L’Ordinanza di rigetto oggetto di esame, seppure estremamente sintetica, presenta degli aspetti di indubbio  interesse laddove chiarisce il ruolo del creditore procedente nell’ambito del procedimento di rinegoziazione del mutuo ex art. 41 bis L. n. 157/2019.

Quella in discorso, a prima vista, sembrerebbe, una norma di particolare favore per il debitore dal momento in cui, nel corso di una azione esecutiva che investe la sua abitazione principale, gli viene riconosciuta la possibilità di rinegoziare il mutuo ipotecario contratto in presenza di alcune specifiche condizioni, ricorrendo all’assistenza della garanzia del Fondo di Garanzia per la prima casa (41 bis L. n. 157/2019: “…1. Al fine di fronteggiare, in via eccezionale, temporanea e non ripetibile, i casi più gravi di crisi economica dei consumatori, ove una banca o una società veicolo, creditrice ipotecaria di primo grado, abbia avviato o sia intervenuta in  una procedura esecutiva immobiliare avente ad oggetto l’abitazione principale  del debitore, è conferita al debitore consumatore, al ricorrere delle condizioni di cui al comma 2, la possibilità di chiedere la rinegoziazione del mutuo in essere ovvero un finanziamento, con surroga nella garanzia ipotecaria esistente, a una banca terza, il cui ricavato deve essere utilizzato per estinguere il mutuo in essere,  con assistenza della garanzia del Fondo di garanzia per la prima casa, di cui all’articolo 1, comma 48, lettera c), della legge 27 dicembre 2013, n. 147, e  con il beneficio dell’esdebitazione per il debito residuo…”).

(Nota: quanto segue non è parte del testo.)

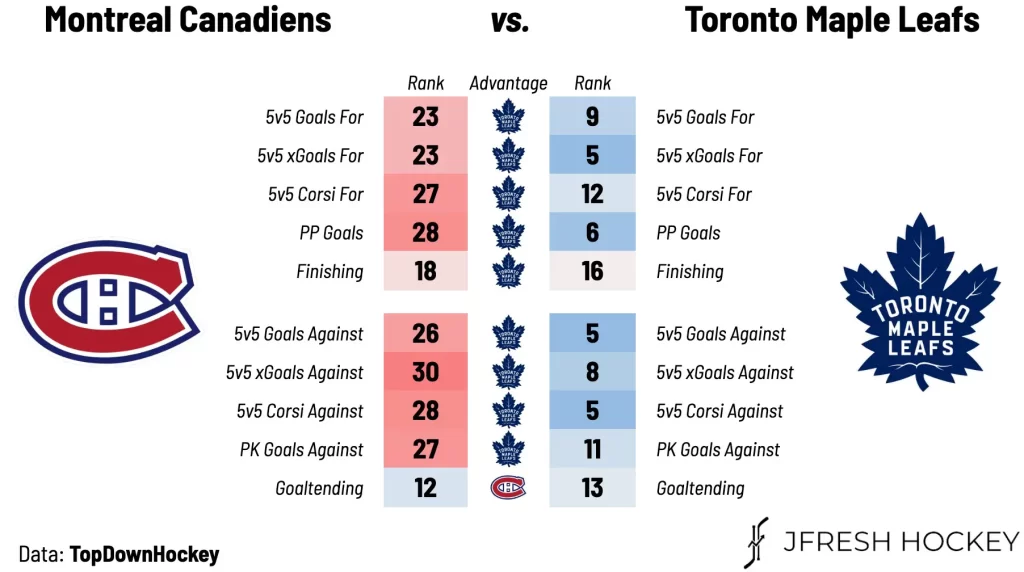 Toronto Maple Leafs vs. Montreal Canadiens – Game #56 Preview, Projected Lines & TV Info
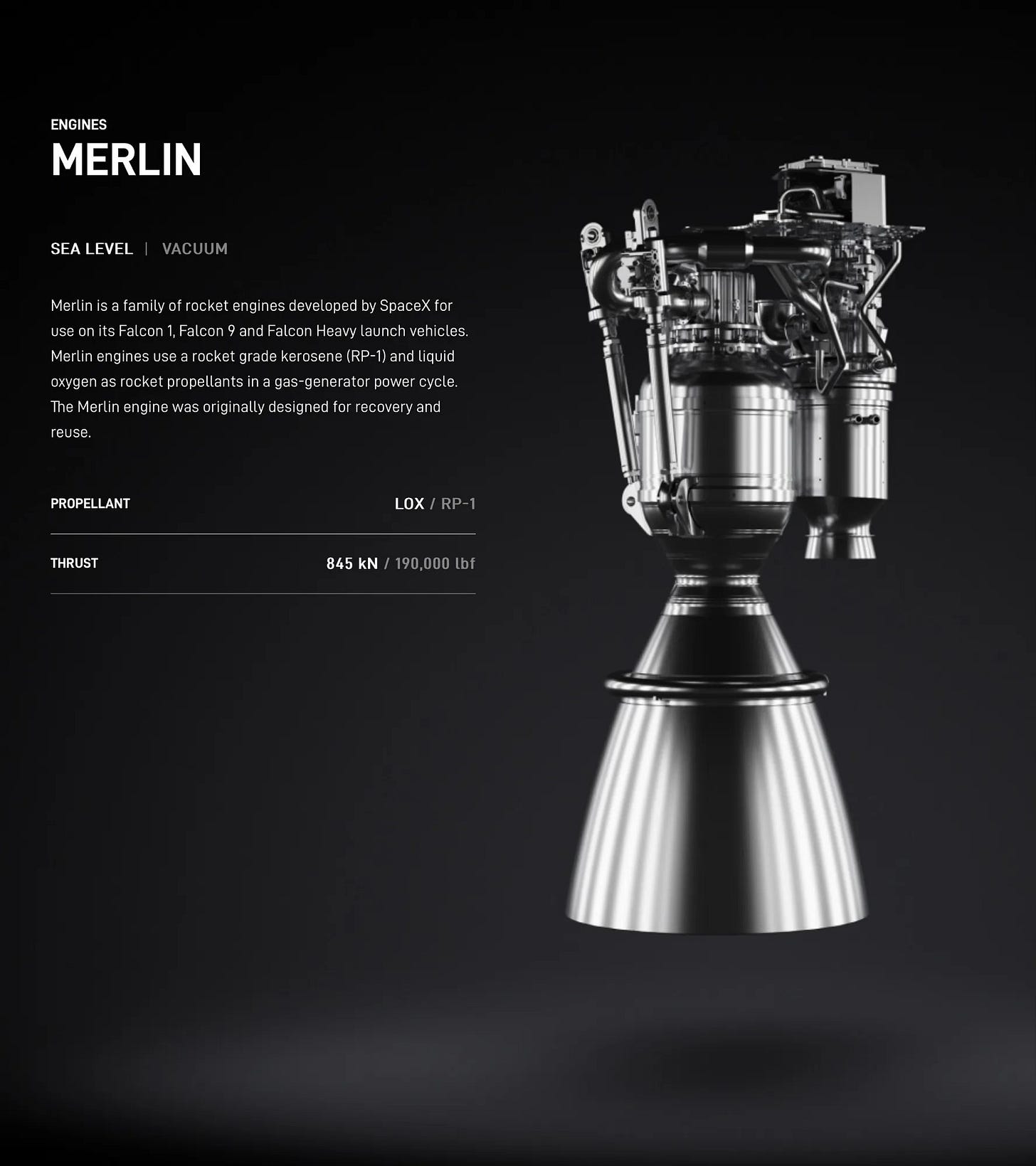 Reusable Launch Systems and the future of space access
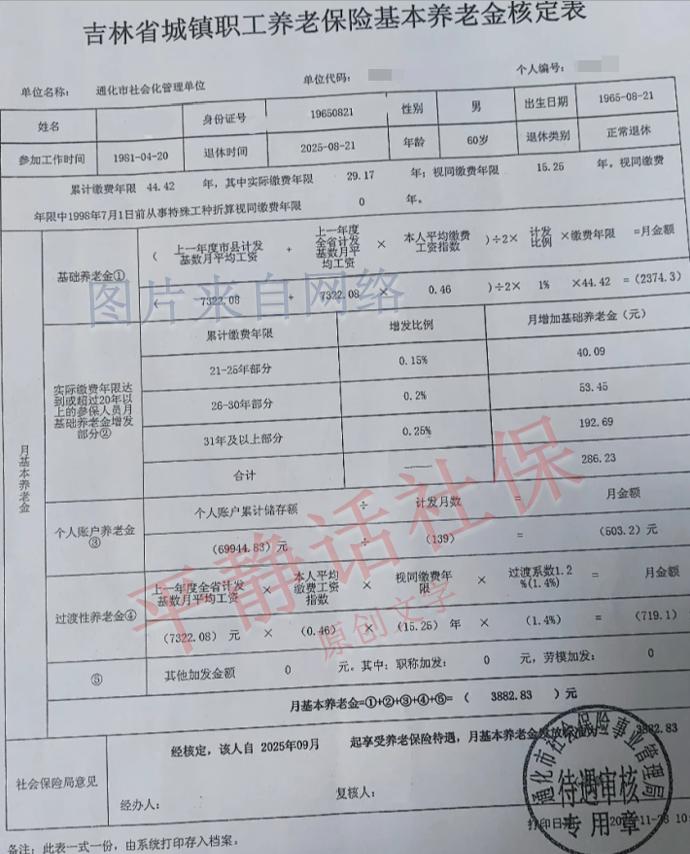 吉林通化超长工龄养老金！如果工龄达到44年以上，意味着16岁就要参加工作。退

Questa prima impressione sembrerebbe però essere destinata ad una radicale modifica alla luce di una attenta lettura dei presupposti applicativi della norma ed in ragione dell’interpretazione giudiziale degli stessi.

Andando per ordine.

Come è noto, in base alla predetta norma il legislatore ha introdotto la possibilità, per il debitore esecutato, di rinegoziare il mutuo al ricorrere delle seguenti specifiche condizioni:

“…a) il debitore sia qualificabile come consumatore ai sensi dell’articolo 3, comma 1, lettera a), del codice del consumo, di cui al decreto legislativo 6 settembre 2005, n. 206;

b) il creditore sia un soggetto che esercita l’attività bancaria ai sensi dell’articolo 10 del testo unico delle leggi in materia bancaria e creditizia, di cui  al decreto legislativo 1°settembre 1993, n. 385, o una società veicolo di cui alla  legge 30 aprile 1999, n. 130;

c) il credito derivi da un mutuo con garanzia ipotecaria di primo grado sostanziale, concesso per l’acquisto di un immobile che rispetti i requisiti previsti dalla nota II-bis) all’articolo 1 della tariffa, parte prima, allegata al testo unico  delle disposizioni concernenti l’imposta di registro, di cui al decreto del  Presidente della Repubblica 26 aprile 1986, n. 131, e il debitore abbia rimborsato almeno il 10 per cento del capitale originariamente finanziato alla   data della presentazione dell’istanza di rinegoziazione;

d) sia pendente un’esecuzione immobiliare sul bene oggetto di ipoteca (sul tema si segnala il volume L’Ipoteca di Chianale Angelo, Utet Giuridica, 2021) per il credito, il cui pignoramento sia stato notificato tra la data del 1° gennaio 2010 e quella del 30 giugno 2019;

e) non vi siano altri creditori intervenuti oltre al creditore procedente o,  comunque, sia depositato, prima della presentazione dell’istanza di rinegoziazione, un atto di rinuncia dagli altri creditori intervenuti;

f) l’istanza sia presentata per la prima volta nell’ambito del medesimo  processo esecutivo e comunque entro il termine perentorio del 31 dicembre 2021;

g) il debito complessivo calcolato ai sensi dell’articolo 2855 del codice civile  nell’ambito della procedura di cui alla lettera d) e oggetto di rinegoziazione o  rifinanziamento non sia superiore a euro 250.000;

h) l’importo offerto non sia inferiore al 75 per cento del prezzo base della successiva asta ovvero del valore del bene come determinato nella consulenza tecnica d’ufficio nel caso in cui non vi sia stata la fissazione dell’asta. Qualora il debito complessivo sia inferiore al 75 per cento dei predetti valori, l’importo offerto non può essere inferiore al debito per capitale e interessi calcolati ai sensi della lettera g), senza applicazione della percentuale del 75 per cento;

i) il rimborso dell’importo rinegoziato o finanziato avvenga con una dilazione non superiore a trenta anni decorrenti dalla data di sottoscrizione dell’accordo di rinegoziazione o del finanziamento e comunque tale che la sua durata in anni,  sommata all’età del debitore, non superi tassativamente il numero di 80;

l) il debitore rimborsi integralmente le spese liquidate dal giudice, anche a titolo di rivalsa, in favore del creditore;

m) non sia pendente nei riguardi del debitore una procedura di risoluzione della crisi da sovraindebitamento ai sensi della legge 27 gennaio 2012, n. 3…” (41 bis n. 2 L. n. 157/2019).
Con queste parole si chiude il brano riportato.